RECORDS TO USE
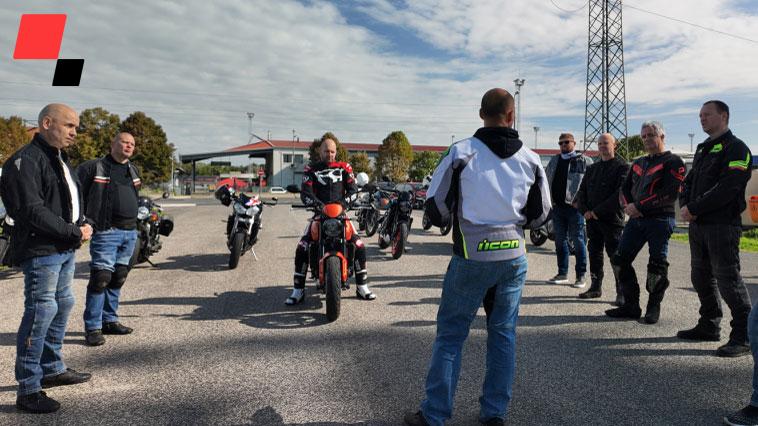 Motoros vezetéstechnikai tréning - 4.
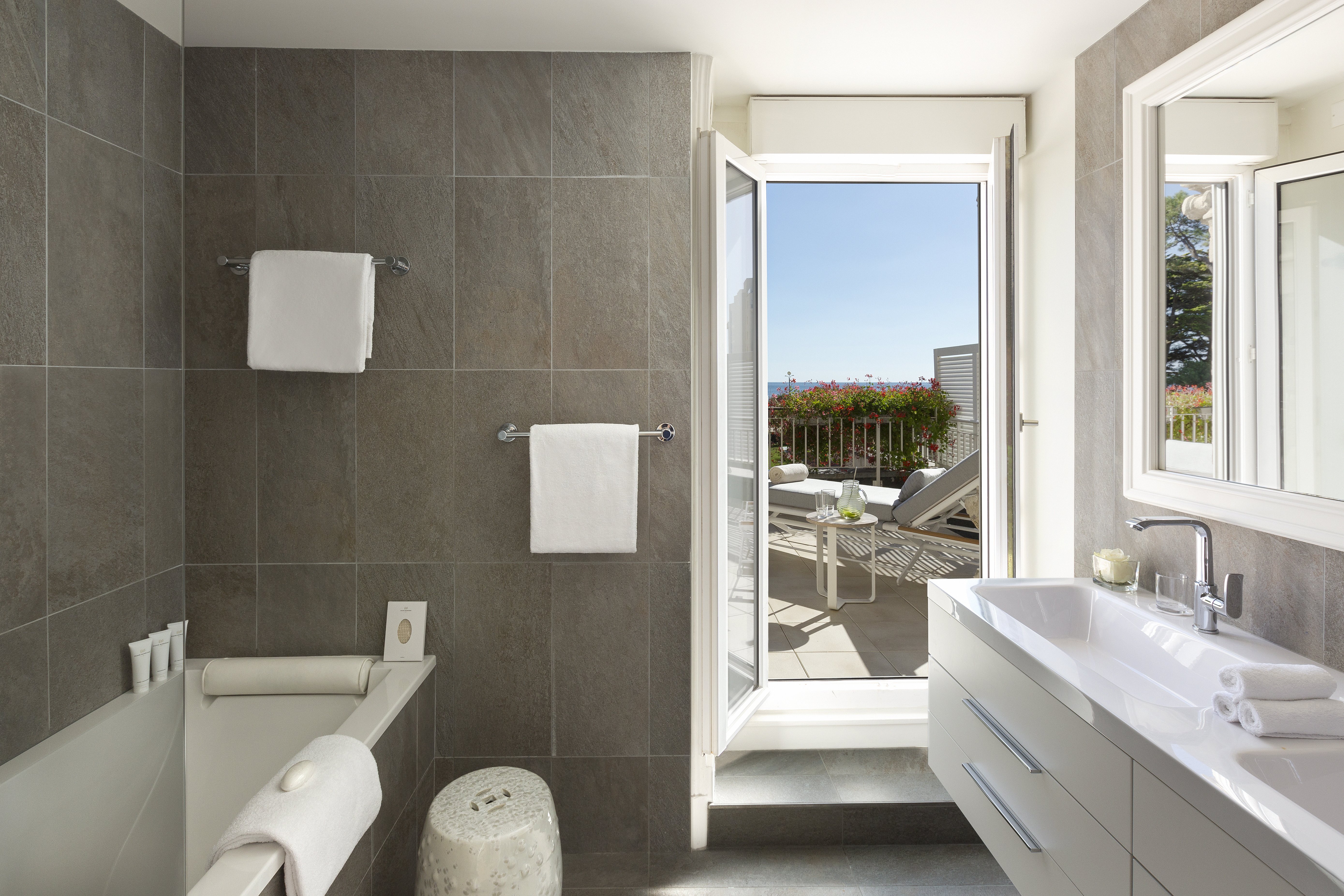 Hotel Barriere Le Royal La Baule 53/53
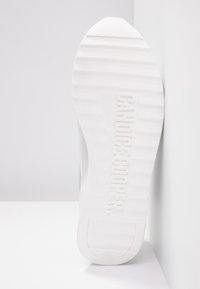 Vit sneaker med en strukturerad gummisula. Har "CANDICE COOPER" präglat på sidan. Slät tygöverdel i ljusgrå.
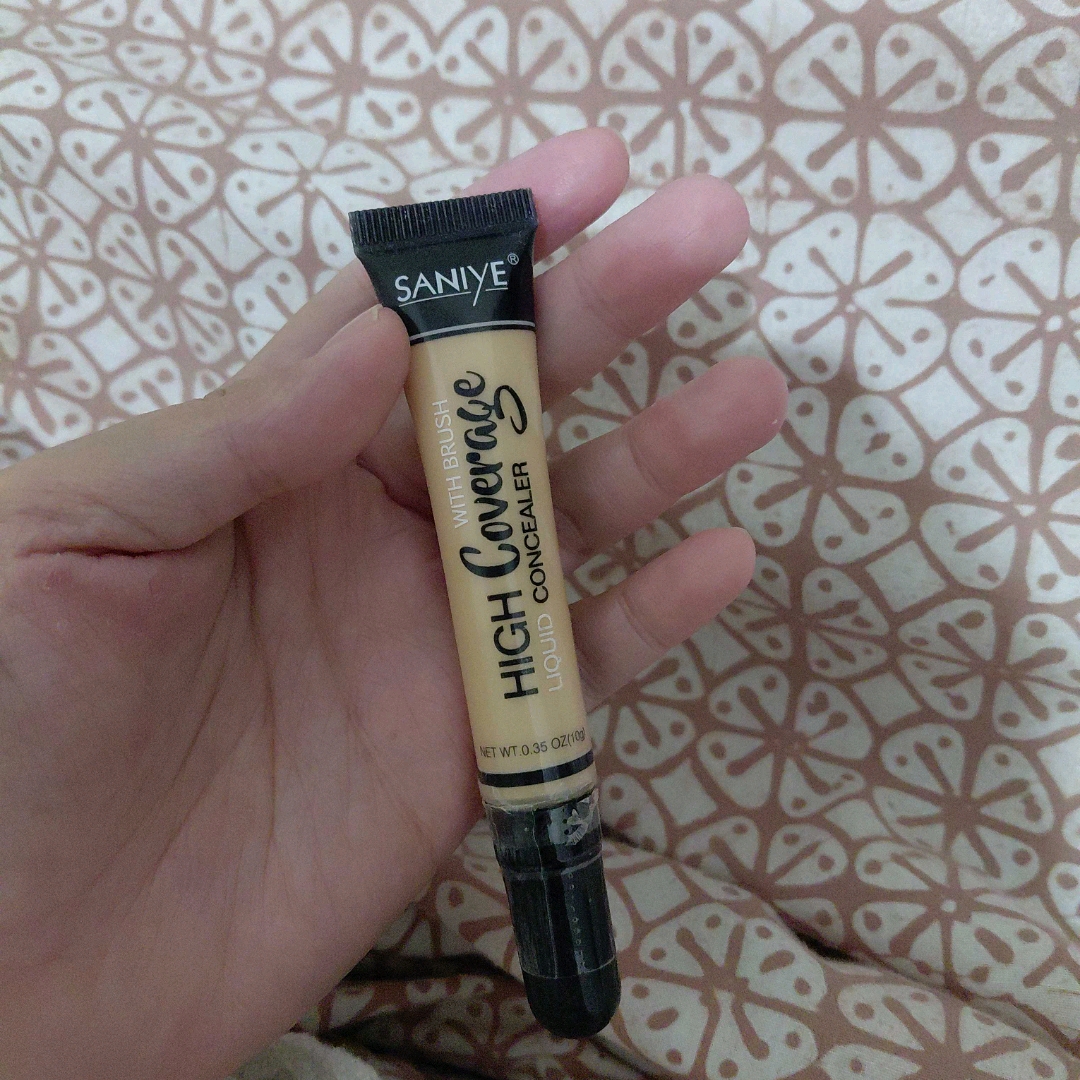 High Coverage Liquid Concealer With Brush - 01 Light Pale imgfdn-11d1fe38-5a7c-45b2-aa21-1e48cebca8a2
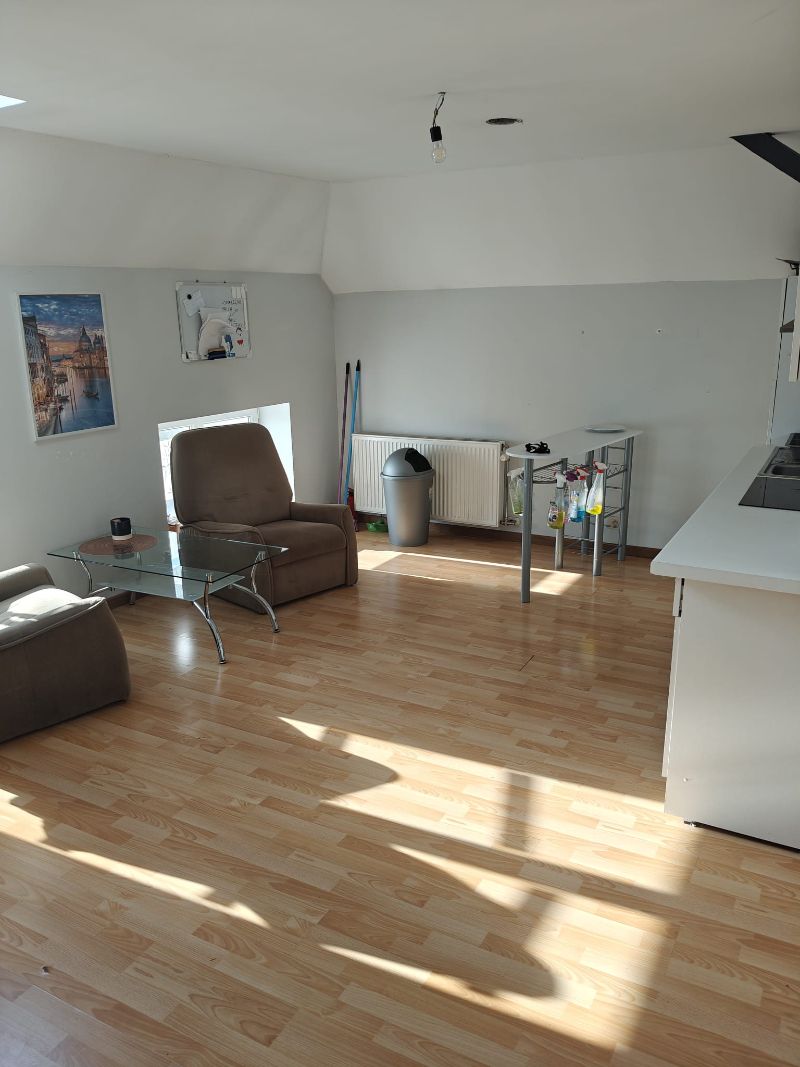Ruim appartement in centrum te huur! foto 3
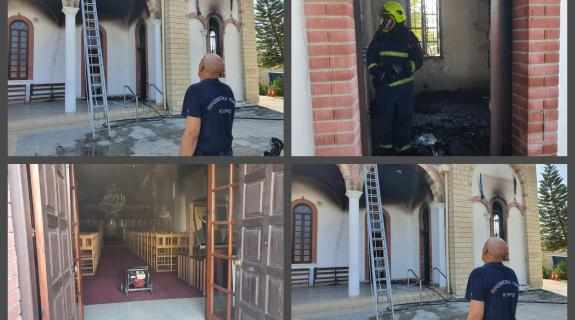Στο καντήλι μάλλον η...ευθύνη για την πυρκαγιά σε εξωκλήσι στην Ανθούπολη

WHAT TO WORK ON
From the top of the listing above, repeat each line exactly until you reach the line containing "High Coverage Liquid", and repeat that one too. Leave the pictures out.

RESULT OF THIS TASK
 Motoros vezetéstechnikai tréning - 4.
 Hotel Barriere Le Royal La Baule 53/53
 Vit sneaker med en strukturerad gummisula. Har "CANDICE COOPER" präglat på sidan. Slät tygöverdel i ljusgrå.
 High Coverage Liquid Concealer With Brush - 01 Light Pale imgfdn-11d1fe38-5a7c-45b2-aa21-1e48cebca8a2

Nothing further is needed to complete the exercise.